Audit charter amendment headed for Council – again
City Council Bill 12-053 – calling for voters to decide whether municipal agencies should be regularly audited – is starting to resemble the cliffhanging sequences of The Perils of Pauline.
Like the famous silent-screen damsel in distress, the audit charter amendment has faced a rocky road of opposition, acceptance, rejection and now (apparent) re-acceptance by the Stephanie Rawlings-Blake administration.
Going back to the last reel, at the Council’s June 25 meeting, the bill was defeated in a 8-7 vote. Describing himself as “stunned,” bill sponsor Carl Stokes angrily accused three fellow councilmen of switching their votes to “nay” under pressure from the mayor’s office.
Stokes pronounced the bill “dead.”
But like Pauline strapped to the railway tracks but saved in the nick of time, Bill 12-053 yesterday escaped oblivion at the hands of the Judiciary and Legislative Investigations Committee, where it had been sent after its ignoble defeat.
New Amendments
Late yesterday the committee approved a revised bill with the support of (or more precisely, without opposition from) the mayor’s lobbyists.
Eight amendments were the price of political rebirth.
Most of them were technical. The most significant change strikes out the requirement of biennial audits of all city agencies and substitutes the word certain.

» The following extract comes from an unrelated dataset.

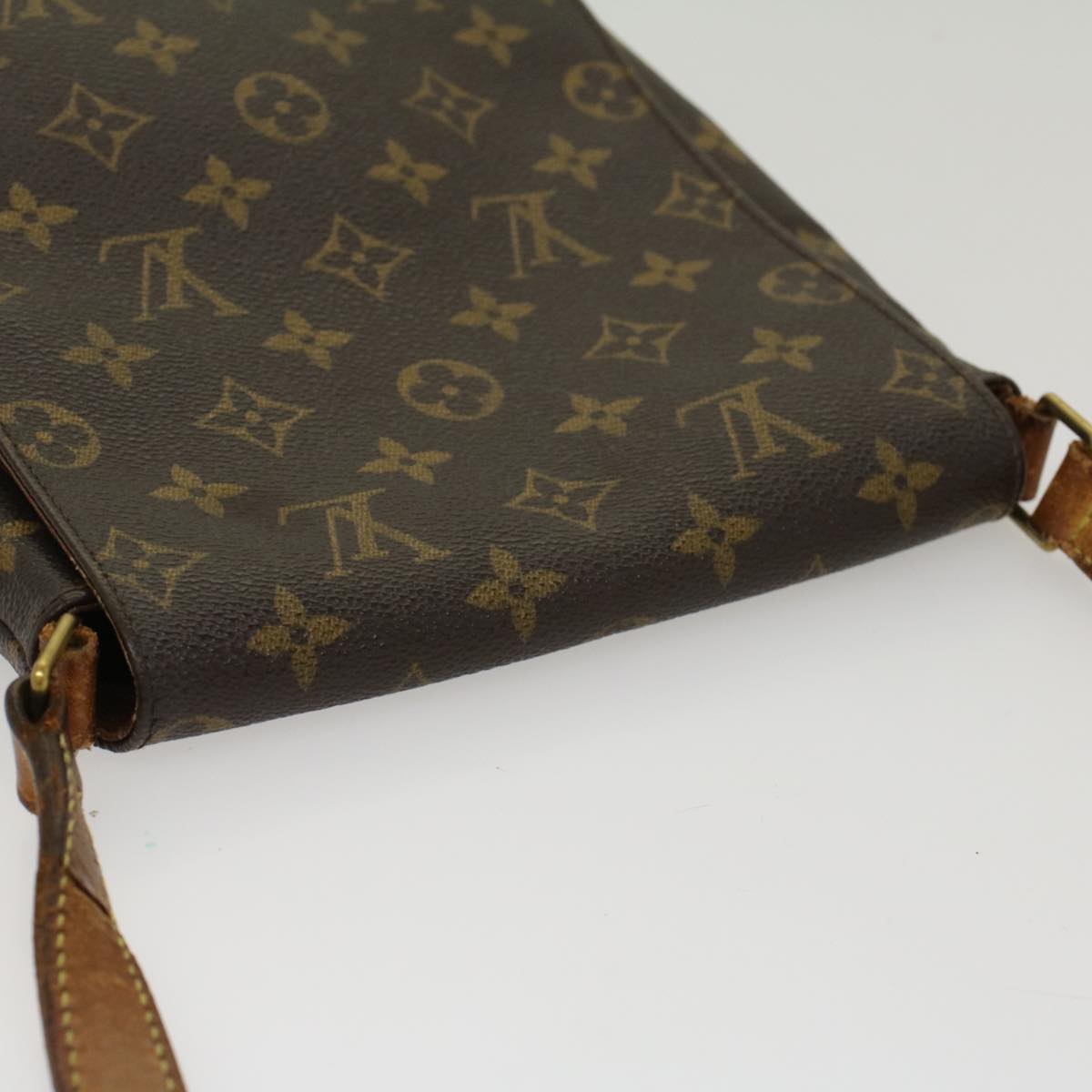 LOUIS VUITTON Monogram Musette Salsa Short Shoulder Bag M51258 LV Auth 53525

Those certain agencies are listed as: Baltimore Development Corp (BDC); Finance; Fire; General Services; Housing and Community Development (HCD); Human Resources; Law, including the Minority and Women’s Business Opportunity Office (MWBOO); Planning; Police; Public Works; Recreation and Parks; Transportation; Mayor’s Office on Criminal Justice; and Mayor’s Office of Information Technology (MOIT).
(Two agencies also targeted for audits – the Mayor’s Office of Employment Development and Office of the Labor Commissioner – were exempted at the request of the mayor, informed sources told The Brew.)

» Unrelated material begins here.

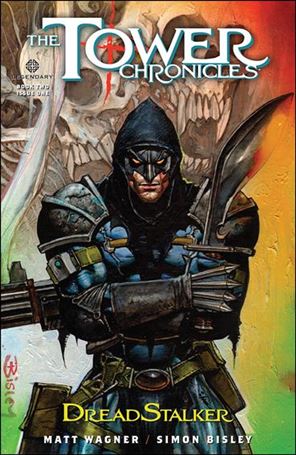 Tower Chronicles, Book 2: DreadStalker Cover Image 1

The other big change is the timing of the audits.
Under the revised bill, seven agencies will be audited during fiscal year 2014 (that’s a year from now): BDC, Finance, General Services, HCD, MOIT, Rec and Parks, and Transportation.
Seven other agencies will be audited beginning in fiscal 2015 (that’s two years from now): Fire, Human Resources, Law and MWBOO, Planning, Police, Mayor’s Office on Criminal Justice, and Public Works.
After that, the agencies will be audited every other year.
Stokes said in an interview today that he is “very satisfied” that the amendments “will allow us to move forward to give the citizens better accountability of where their tax dollars are going.”
Bill 12-053 is scheduled to go before the full Council on Monday. Whether it will pass – then placed on the November ballot for voters to make the final decision – is something not even a good Hollywood script writer could say for sure.